■ TASK GOAL ■
Every line below from the one with "Jack O Lantern" through the one with "Besst Survivor Comprehensive" is to be repeated exactly, with no picture among them.

BEGIN

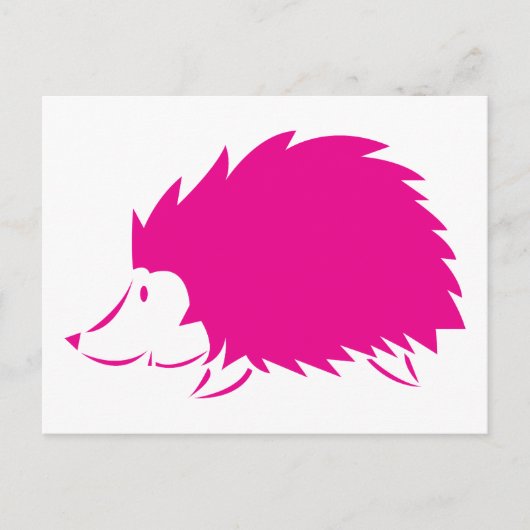 Heiße Rosa Igel Postkarte (Vorderseite)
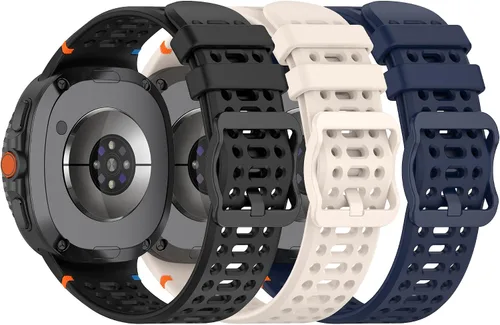Miniatura 10 de Paquete de 3 correas compatibles con Samsung Galaxy Watch 8 Classic de 1.811 pulgadas, Watch 8 de 1.575 pulgadas/1.732 pulgadas, correa deportiva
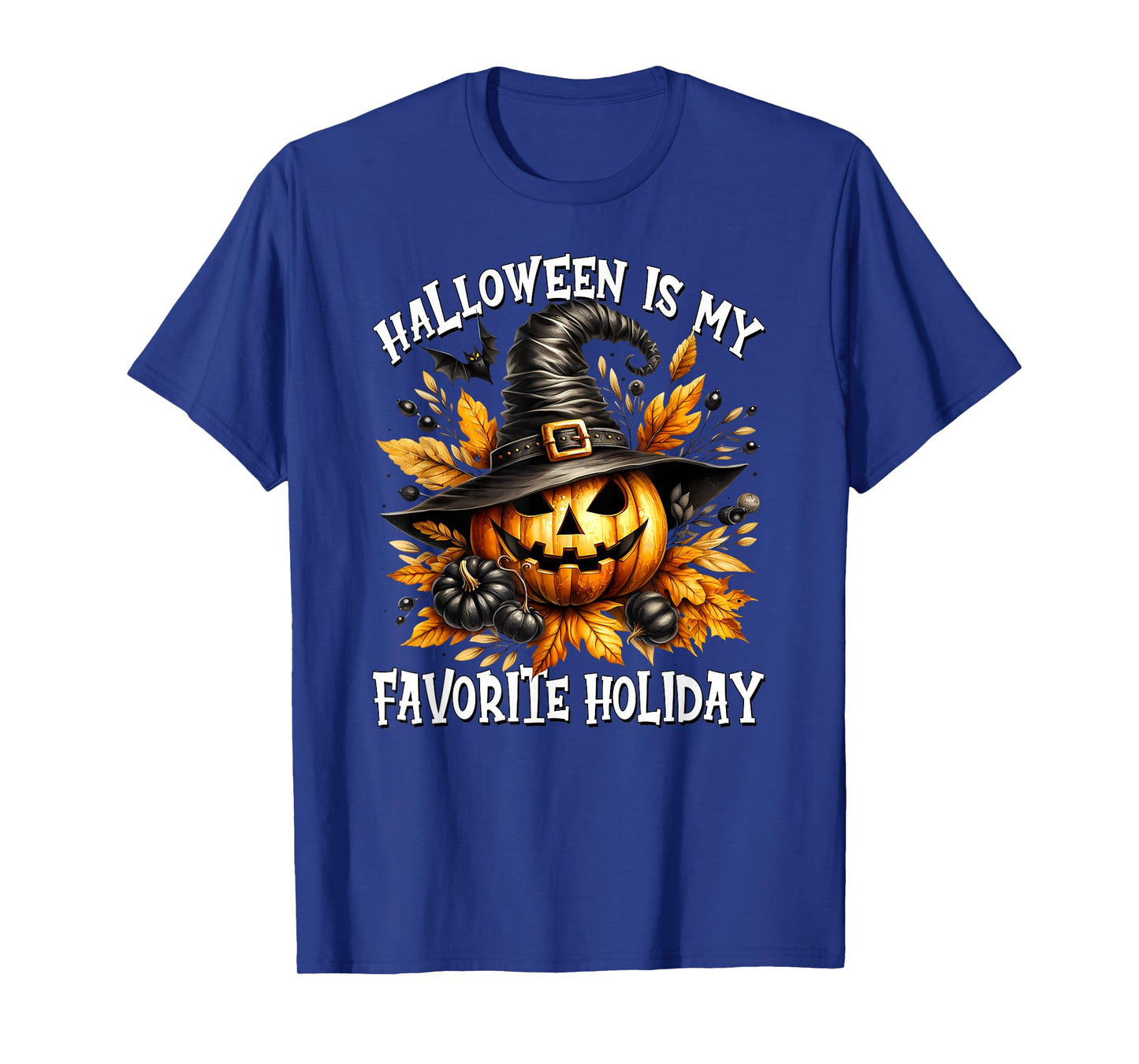 Jack O Lantern in Witch Hat Halloween is My Favorite Holiday T-Shirt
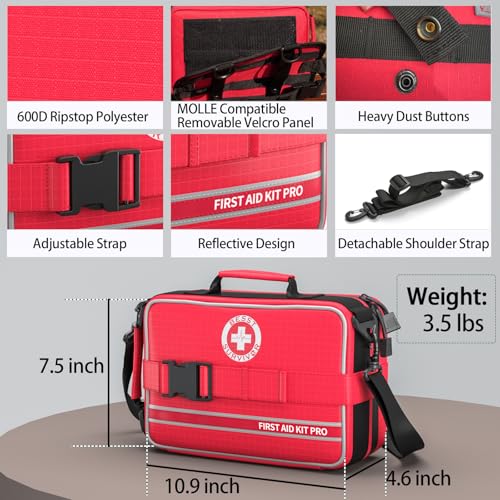 Besst Survivor Comprehensive First Aid Kits- Advanced Trauma Kits with Labeled Compartments, Large Emergencies Medical Kits for Car, Home, Camping and Outdoor Emergencies -324Piece Set - size: Max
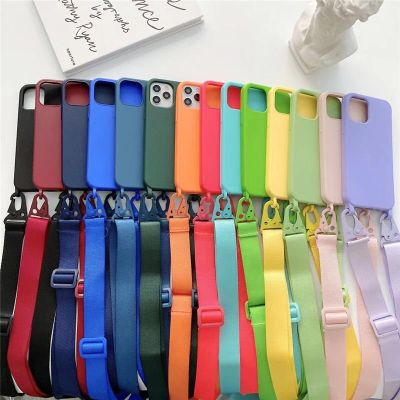 Original liquid silicone Crossbody Necklace Phone Case For iPhone 13 12 11 Pro Max XS XR X 7 8 Plus 14 Lanyard Cord Strap Cover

END

■ WRITTEN RESPONSE ■
 Jack O Lantern in Witch Hat Halloween is My Favorite Holiday T-Shirt
 Besst Survivor Comprehensive First Aid Kits- Advanced Trauma Kits with Labeled Compartments, Large Emergencies Medical Kits for Car, Home, Camping and Outdoor Emergencies -324Piece Set - size: Max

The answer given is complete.